Mergers have destroyed billions of dollars in shareholder value because acquirers failed to anticipate the need to improve performance after closing a deal.
That's the premise of a new book by Mark L. Sirower, who teaches business strategy and competitive analysis at New York University's Stern Business School. "The Synergy Trap," published by Simon & Schuster, details research on a sample of major acquisitions from 1979 through 1990.
He notes that smaller losses on derivatives and trading have generated plenty of hand-wringing in the press, but poorly executed mergers have received little attention.

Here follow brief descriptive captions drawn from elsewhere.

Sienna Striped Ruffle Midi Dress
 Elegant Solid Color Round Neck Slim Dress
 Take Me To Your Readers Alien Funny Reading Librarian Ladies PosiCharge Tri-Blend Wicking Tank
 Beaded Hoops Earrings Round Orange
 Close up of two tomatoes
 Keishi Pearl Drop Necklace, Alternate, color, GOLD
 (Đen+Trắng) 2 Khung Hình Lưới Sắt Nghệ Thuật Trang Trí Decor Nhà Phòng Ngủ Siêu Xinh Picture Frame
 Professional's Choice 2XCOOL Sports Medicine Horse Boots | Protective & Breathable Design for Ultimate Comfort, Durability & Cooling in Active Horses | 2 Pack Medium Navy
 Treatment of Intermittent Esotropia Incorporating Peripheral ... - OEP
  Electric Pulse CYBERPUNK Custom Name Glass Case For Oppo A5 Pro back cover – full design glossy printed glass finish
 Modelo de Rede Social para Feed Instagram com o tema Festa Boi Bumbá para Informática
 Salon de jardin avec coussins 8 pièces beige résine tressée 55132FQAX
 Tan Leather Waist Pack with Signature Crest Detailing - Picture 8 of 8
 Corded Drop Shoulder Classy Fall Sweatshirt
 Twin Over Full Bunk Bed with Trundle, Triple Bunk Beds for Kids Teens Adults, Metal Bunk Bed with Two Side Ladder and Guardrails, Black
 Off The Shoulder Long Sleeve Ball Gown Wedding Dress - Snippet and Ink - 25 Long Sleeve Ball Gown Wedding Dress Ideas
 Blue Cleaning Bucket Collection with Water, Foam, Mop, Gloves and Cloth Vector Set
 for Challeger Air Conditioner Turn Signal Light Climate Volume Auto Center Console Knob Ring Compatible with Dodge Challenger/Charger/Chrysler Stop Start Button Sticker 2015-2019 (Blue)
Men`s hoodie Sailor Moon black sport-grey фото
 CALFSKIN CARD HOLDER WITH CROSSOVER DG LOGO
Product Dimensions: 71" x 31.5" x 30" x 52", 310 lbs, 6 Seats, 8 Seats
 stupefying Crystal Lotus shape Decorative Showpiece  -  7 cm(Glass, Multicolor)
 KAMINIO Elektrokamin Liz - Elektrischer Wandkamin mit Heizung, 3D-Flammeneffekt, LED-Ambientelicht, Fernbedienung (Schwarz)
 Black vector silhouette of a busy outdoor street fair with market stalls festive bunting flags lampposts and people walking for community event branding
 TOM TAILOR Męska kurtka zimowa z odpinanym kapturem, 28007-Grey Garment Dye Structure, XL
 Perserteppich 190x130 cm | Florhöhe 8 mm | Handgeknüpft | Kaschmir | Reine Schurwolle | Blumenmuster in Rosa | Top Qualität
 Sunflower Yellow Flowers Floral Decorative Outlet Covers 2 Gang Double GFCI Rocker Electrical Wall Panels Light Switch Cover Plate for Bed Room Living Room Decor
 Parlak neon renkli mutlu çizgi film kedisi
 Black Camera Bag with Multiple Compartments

Mr. Sirower excluded bank and utility deals from his sample because variance in regulation in different parts of the country made it difficult to compare deals. But he said he intends to include some bank deals when he updates the book for the 1990s.
And he emphasized that his conclusions apply to any kind of merger, banking or industrial.
Mr. Sirower discussed his findings with American Banker in a recent telephone interview.
What is your thesis?
Sirower: My basic thesis is not that mergers are bad but that dumb mergers are bad. I believe the major reason for most failed acquisitions is not the way they were managed after the fact, but that most acquisitions are simply not informed decisions.
Where do acquirers go wrong?
Sirower: Many don't recognize that an acquisition is a very different kind of capital investment decision. Simply buying shares of another company is something that the acquirer's shareholders could readily do on their own.
In an acquisition, you pay the stand-alone value and the premium-more than anybody else in the world would pay-before you can touch the wheel. That's what sets up all the up-front risk.
If it's not an informed decision, and if the markets say you've lost money, the merger's dead on arrival. The money's gone, it's never coming back.
So synergy is the rationale for the deal-the way you justify the cost?
Sirower: The most common thing I hear is: "This will give us a strong position in a rapidly growing market." But that's not the real definition of synergy. Shareholders can already do that.
Synergy has to be performance gains above what's already expected for the stand-alone company to achieve. That's what leads to an informed decision.
I ask people to define synergy, and I get a different definition from everybody. It has to be performance gains.
What is "synergy trap?"
Sirower: Actually, there are three traps.
First, the company's executives don't understand what's built into pre- acquisition share value. If you look at market value and current performance, big expected gains are already built into share value. If it was already expected it isn't a synergy.
This is why up-front planning is so incredibly important. Eighty percent of companies do little pre-merger planning. Post-merger is the wrong time to do pre-merger planning.
The second trap is a poor understanding of what synergies-or performance gains-are, in both financial and competitive terms. An informed decision has to be a competitive plan, it has to be a strategy. To justify an acquisition, you have to be able to answer a couple of questions:
Can I make it more difficult for competitors to come after my market than what would otherwise be expected? And can I attack my competitor's markets in ways they can't respond to. That's the big test.
The third trap is a failure to understand what is built into an acquisition premium. Most companies have outside advisers do the due diligence, and that's an uninformed decision. The due diligence performed by a lot of Big Six accounting firms has a lot to do with evaluating the quality of the assets; it has too little to do with whether you can pass operational and competitive tests.
What's an example of a deal that fell into the trap?
Sirower: The Quaker-Snapple deal is a great example of how things fall apart. Quaker Oats executives probably thought they could turn Snapple into another Gatorade.
But competitors don't sit still while you generate performance gains at their expense.
Quaker executives should have asked themselves where they were going to sell a lot of Snapple. It was going to have to be sold in big bottles in grocery stores. They'd have to take shelf space, and they'd have to take it away from Coke and Pepsi, and not from their own brand Gatorade.
But overnight, Coke and Pepsi responded with competitive products. Quaker had sent a signal to competitors that they were going to turn this niche into a segment. They couldn't pass the competitive test. They couldn't do something their competitors couldn't. And they weren't prepared to defend their market. So they paid $1.7 billion and wound up selling for $300 million.